KENNEWICK, WA - Mirko Micic is a local business owner, father, and quite the inspiration. He came to America 20 years ago after a civil war broke his home country apart.
"You were a teenager growing up in the former Republic of Yugoslavia," said Tracci Dial. "Can you describe that for me?"
"I was 14 years old when the war started," Mirko said. "I lost a lot of family. Like 18 relatives, my family. They killed my father between like me and you"--he gestures to the space between them--"maybe four or five feet. They shot him. Killed him. I was there too. I have two bullets in my knee and I survived because I pretended to be dead."
"How did you recover from that?" Tracci asked.
"It's taken a long time," Mirko answers. "You will die and never forget."
"So you lived in a war zone. What did that look like for a teen boy?"
"It looks like [a] movie. From the beginning. Something happens to you and when you run for your life... like, 'oh my God, is this really happening?'" said Mirko.
"What were your ideas of America back then?"
"It was totally different because of how they teach us in school and stuff. Totally different pictures of the USA. When I came here I didn't have any money, I wanted to go back. Now it's totally different. I'm here. I have a wife and we have three kids so that's my home now."
"In fact, your son is 11... just three years away from how old you were when you went through some really traumatic things," Tracci pointed out. "What is it like looking back at your life as a teenager versus how your kids have grown up?"
"Oh my goodness, if I told you I went to bed and didn't have any food to eat sometimes, you couldn't believe me," Mirko replied. "Most people here don't believe you and it happened to me.
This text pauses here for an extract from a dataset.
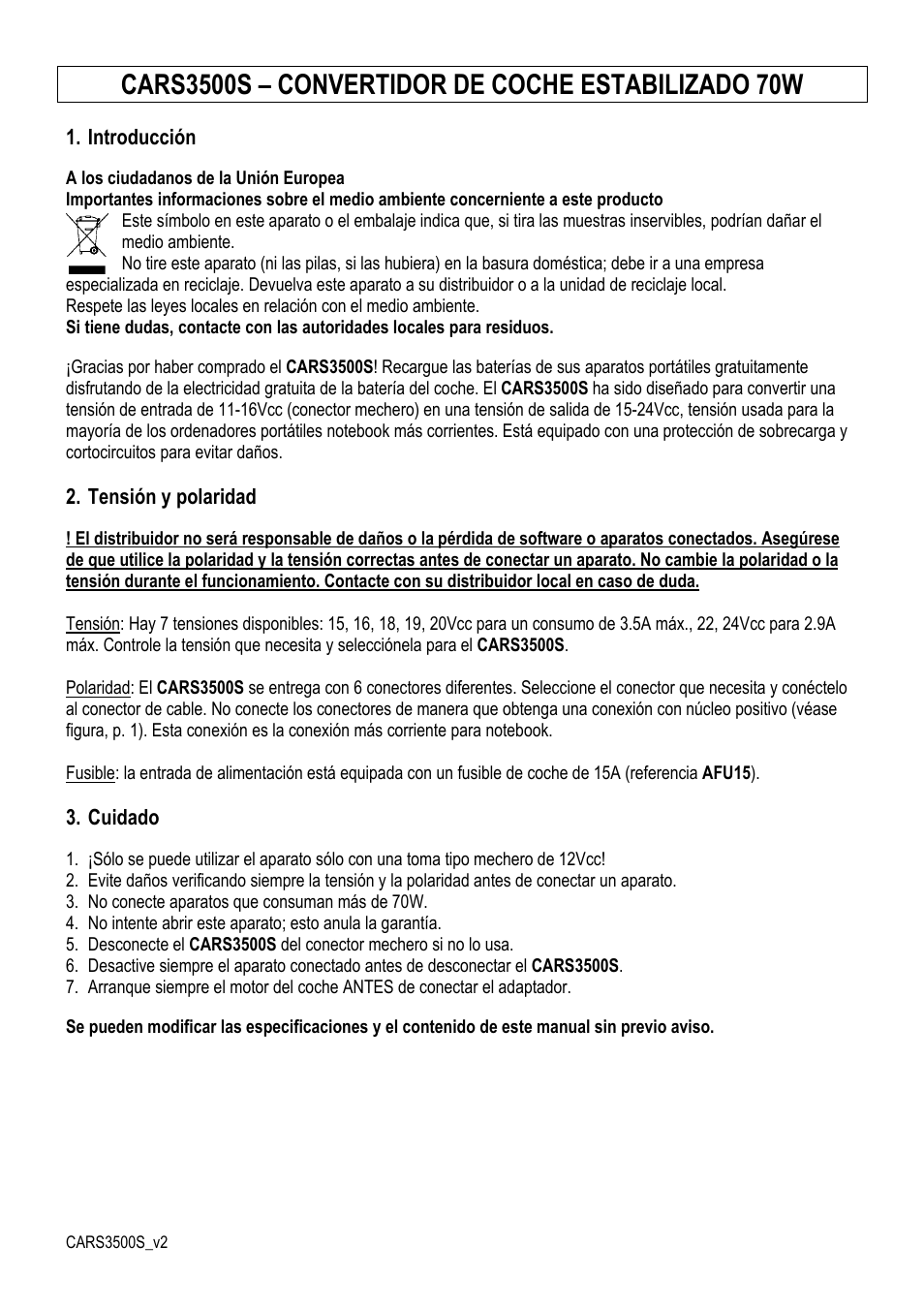 Velleman CARS3500S User Manual | Page 5 / 9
I didn't have a bicycle, I didn't have new shoes. Even when I came to [the] United States, I came in flip flops. I still have those in my garage. I'm keeping them. So my kids... it's night and day difference."
"You came to America; soon after you started working here at USA Brake & Auto. You said you knew very little English at the time. In seven years, you bought the place and now you're the owner doing super well for yourself and your family!"
"You have to have some plans in your head if you want to do and how to do everything," Mirko explained. "You have to be lucky and you have to be good, too. Those two things. Lucky. Meet people at the right time and be honest. Don't steal, don't do things I call them stupid - I don't know if that's the right words to say. Treat everyone how you wanted to be treated if you go somewhere."
"I find it interesting that you say you count yourself lucky - at the same time you're telling me about all the horrors you've gone through over in Bosnia."
"I could [have] died over there one hundred times and I think God was looking for me, saving [me] because he took a lot from us and my family. I was almost two years in the Army, too, so."
"How old were you when you were done serving?" Tracci asked.
"Around 20 or so maybe."
"Yeah, and half of the people in the Army... half of them didn't make it," added Mirko. "Still when I go there and I go to graves, the goosebumps from being there and remembering those moments twenty, twenty-five years ago."
"Well Mirko, what would you say is the American Dream?"
"You know, just put it this way: over here, a lot of people don't know how lucky they are. It's just a great country. Great opportunities for everybody - doesn't matter if you're white, black, yellow, green, whatever. So you have to work, work, work. If I did it, you can do it too," Mirko said.